[Short text fragments from websites]
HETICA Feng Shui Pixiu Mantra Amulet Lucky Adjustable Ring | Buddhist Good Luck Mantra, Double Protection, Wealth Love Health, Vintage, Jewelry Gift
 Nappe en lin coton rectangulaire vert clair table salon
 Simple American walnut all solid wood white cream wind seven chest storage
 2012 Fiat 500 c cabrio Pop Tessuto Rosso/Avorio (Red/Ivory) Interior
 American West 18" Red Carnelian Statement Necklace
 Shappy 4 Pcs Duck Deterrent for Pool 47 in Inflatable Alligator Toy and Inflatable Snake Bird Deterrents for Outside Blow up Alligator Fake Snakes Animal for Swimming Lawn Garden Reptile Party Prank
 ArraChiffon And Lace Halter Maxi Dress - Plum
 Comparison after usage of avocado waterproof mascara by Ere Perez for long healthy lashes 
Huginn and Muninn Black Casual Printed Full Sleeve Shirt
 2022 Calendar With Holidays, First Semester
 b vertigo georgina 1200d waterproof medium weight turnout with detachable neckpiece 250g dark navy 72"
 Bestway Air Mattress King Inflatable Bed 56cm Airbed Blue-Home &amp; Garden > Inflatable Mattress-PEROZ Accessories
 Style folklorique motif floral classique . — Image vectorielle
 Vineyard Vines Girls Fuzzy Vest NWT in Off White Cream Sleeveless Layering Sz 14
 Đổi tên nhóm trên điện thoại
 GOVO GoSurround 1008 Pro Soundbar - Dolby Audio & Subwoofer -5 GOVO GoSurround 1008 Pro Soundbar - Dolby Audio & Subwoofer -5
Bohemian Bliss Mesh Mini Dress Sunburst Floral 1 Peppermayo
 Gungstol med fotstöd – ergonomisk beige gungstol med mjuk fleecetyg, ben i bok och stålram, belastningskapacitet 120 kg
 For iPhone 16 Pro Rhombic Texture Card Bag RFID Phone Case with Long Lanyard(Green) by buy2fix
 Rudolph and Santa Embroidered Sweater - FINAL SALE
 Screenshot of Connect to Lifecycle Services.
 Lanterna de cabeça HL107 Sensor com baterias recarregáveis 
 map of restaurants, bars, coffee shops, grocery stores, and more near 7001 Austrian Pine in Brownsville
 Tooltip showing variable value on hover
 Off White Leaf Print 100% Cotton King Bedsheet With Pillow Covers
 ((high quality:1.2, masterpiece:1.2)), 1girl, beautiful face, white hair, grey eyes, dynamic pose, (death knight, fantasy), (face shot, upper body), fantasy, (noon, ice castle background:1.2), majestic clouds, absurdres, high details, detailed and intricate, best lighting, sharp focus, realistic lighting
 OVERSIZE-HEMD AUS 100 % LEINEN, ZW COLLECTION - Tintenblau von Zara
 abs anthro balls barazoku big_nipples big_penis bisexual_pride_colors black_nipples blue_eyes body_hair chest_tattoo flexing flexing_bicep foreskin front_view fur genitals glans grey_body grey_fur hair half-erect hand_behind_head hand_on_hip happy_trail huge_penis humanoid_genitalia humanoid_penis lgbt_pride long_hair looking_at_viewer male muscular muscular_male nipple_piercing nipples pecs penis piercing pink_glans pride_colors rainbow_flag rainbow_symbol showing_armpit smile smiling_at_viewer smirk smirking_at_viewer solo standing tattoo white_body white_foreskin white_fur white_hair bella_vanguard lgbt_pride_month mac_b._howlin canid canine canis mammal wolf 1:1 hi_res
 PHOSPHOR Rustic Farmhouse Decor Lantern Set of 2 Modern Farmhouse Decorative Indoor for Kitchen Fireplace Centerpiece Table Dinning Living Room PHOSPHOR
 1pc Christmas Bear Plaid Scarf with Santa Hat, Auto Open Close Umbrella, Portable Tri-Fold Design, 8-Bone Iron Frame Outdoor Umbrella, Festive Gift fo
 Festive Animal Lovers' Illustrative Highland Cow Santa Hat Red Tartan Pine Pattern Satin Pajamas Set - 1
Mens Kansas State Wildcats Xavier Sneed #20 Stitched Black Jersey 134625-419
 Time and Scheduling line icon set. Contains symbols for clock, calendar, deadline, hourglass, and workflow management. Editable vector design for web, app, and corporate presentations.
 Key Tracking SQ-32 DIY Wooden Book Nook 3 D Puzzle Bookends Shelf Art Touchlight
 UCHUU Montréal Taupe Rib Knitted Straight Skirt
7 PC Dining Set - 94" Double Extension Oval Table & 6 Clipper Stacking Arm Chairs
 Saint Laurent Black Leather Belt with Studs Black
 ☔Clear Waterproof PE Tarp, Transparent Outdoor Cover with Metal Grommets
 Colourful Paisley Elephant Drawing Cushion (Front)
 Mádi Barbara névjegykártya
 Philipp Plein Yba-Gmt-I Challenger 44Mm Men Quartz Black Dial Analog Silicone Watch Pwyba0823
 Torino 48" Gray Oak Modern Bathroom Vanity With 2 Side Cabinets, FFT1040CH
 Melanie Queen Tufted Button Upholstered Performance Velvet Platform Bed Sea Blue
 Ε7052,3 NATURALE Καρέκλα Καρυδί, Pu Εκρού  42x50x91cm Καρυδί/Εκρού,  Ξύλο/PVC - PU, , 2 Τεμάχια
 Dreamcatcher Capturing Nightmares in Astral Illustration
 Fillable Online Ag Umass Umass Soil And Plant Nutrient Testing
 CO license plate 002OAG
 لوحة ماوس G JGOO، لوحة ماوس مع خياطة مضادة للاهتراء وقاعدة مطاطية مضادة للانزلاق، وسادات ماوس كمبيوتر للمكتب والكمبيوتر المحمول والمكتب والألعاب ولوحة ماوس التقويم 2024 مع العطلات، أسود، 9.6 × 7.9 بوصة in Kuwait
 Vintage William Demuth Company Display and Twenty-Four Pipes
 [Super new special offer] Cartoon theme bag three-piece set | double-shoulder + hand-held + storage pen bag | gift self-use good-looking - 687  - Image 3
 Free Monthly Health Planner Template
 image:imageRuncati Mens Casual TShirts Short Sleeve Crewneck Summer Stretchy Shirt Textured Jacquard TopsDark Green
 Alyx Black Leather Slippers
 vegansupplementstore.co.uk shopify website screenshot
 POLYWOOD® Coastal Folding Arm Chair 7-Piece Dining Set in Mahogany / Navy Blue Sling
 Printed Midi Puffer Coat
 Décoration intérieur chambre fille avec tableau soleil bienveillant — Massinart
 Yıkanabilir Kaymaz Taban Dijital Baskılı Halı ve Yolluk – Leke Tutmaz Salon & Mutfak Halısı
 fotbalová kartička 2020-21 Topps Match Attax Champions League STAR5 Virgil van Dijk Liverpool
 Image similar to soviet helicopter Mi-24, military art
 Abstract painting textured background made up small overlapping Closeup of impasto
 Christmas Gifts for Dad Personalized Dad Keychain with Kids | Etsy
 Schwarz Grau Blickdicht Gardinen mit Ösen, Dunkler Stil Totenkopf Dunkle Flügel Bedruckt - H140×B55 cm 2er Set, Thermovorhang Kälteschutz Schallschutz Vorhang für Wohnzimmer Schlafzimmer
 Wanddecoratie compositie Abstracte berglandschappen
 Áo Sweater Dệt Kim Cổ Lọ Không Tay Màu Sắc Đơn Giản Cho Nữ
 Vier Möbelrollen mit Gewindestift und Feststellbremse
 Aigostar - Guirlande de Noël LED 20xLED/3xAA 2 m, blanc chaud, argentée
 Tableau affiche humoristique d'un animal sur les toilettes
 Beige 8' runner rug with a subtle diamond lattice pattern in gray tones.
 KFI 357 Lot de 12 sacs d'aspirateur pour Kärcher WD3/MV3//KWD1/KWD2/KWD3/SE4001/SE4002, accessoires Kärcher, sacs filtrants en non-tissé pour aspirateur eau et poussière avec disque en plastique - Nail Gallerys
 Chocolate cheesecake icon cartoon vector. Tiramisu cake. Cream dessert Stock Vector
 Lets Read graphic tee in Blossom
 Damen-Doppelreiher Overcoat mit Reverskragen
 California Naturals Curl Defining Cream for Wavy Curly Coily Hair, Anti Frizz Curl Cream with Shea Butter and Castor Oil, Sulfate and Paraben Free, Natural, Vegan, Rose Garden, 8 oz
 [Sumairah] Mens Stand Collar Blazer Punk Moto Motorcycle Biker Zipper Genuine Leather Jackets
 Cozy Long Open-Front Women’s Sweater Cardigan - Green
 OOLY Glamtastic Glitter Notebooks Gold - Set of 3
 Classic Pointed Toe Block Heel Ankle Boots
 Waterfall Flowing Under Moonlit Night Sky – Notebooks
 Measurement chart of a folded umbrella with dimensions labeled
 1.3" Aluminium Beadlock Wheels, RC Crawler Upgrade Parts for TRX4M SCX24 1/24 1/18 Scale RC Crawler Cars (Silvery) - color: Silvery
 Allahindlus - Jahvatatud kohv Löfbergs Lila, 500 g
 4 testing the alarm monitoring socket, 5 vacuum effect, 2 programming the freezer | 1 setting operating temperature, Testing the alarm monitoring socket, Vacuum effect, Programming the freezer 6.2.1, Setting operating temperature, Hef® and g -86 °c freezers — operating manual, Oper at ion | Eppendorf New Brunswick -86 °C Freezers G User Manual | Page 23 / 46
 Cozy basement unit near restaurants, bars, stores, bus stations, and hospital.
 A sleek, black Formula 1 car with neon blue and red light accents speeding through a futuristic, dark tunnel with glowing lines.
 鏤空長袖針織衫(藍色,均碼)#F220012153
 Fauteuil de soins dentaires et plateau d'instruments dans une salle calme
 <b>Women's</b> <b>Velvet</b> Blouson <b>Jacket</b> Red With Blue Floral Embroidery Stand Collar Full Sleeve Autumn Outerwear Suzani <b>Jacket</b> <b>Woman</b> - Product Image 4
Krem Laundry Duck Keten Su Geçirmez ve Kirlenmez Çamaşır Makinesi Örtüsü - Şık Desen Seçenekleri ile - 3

Problem requirements
Give the exact lines, and only those, from the line containing "with Metal Grommets" through the line containing "Aigostar - Guirlande" in the entries above.

Output for this exercise
 ☔Clear Waterproof PE Tarp, Transparent Outdoor Cover with Metal Grommets
 Colourful Paisley Elephant Drawing Cushion (Front)
 Mádi Barbara névjegykártya
 Philipp Plein Yba-Gmt-I Challenger 44Mm Men Quartz Black Dial Analog Silicone Watch Pwyba0823
 Torino 48" Gray Oak Modern Bathroom Vanity With 2 Side Cabinets, FFT1040CH
 Melanie Queen Tufted Button Upholstered Performance Velvet Platform Bed Sea Blue
 Ε7052,3 NATURALE Καρέκλα Καρυδί, Pu Εκρού  42x50x91cm Καρυδί/Εκρού,  Ξύλο/PVC - PU, , 2 Τεμάχια
 Dreamcatcher Capturing Nightmares in Astral Illustration
 Fillable Online Ag Umass Umass Soil And Plant Nutrient Testing
 CO license plate 002OAG
 لوحة ماوس G JGOO، لوحة ماوس مع خياطة مضادة للاهتراء وقاعدة مطاطية مضادة للانزلاق، وسادات ماوس كمبيوتر للمكتب والكمبيوتر المحمول والمكتب والألعاب ولوحة ماوس التقويم 2024 مع العطلات، أسود، 9.6 × 7.9 بوصة in Kuwait
 Vintage William Demuth Company Display and Twenty-Four Pipes
 [Super new special offer] Cartoon theme bag three-piece set | double-shoulder + hand-held + storage pen bag | gift self-use good-looking - 687  - Image 3
 Free Monthly Health Planner Template
 image:imageRuncati Mens Casual TShirts Short Sleeve Crewneck Summer Stretchy Shirt Textured Jacquard TopsDark Green
 Alyx Black Leather Slippers
 vegansupplementstore.co.uk shopify website screenshot
 POLYWOOD® Coastal Folding Arm Chair 7-Piece Dining Set in Mahogany / Navy Blue Sling
 Printed Midi Puffer Coat
 Décoration intérieur chambre fille avec tableau soleil bienveillant — Massinart
 Yıkanabilir Kaymaz Taban Dijital Baskılı Halı ve Yolluk – Leke Tutmaz Salon & Mutfak Halısı
 fotbalová kartička 2020-21 Topps Match Attax Champions League STAR5 Virgil van Dijk Liverpool
 Image similar to soviet helicopter Mi-24, military art
 Abstract painting textured background made up small overlapping Closeup of impasto
 Christmas Gifts for Dad Personalized Dad Keychain with Kids | Etsy
 Schwarz Grau Blickdicht Gardinen mit Ösen, Dunkler Stil Totenkopf Dunkle Flügel Bedruckt - H140×B55 cm 2er Set, Thermovorhang Kälteschutz Schallschutz Vorhang für Wohnzimmer Schlafzimmer
 Wanddecoratie compositie Abstracte berglandschappen
 Áo Sweater Dệt Kim Cổ Lọ Không Tay Màu Sắc Đơn Giản Cho Nữ
 Vier Möbelrollen mit Gewindestift und Feststellbremse
 Aigostar - Guirlande de Noël LED 20xLED/3xAA 2 m, blanc chaud, argentée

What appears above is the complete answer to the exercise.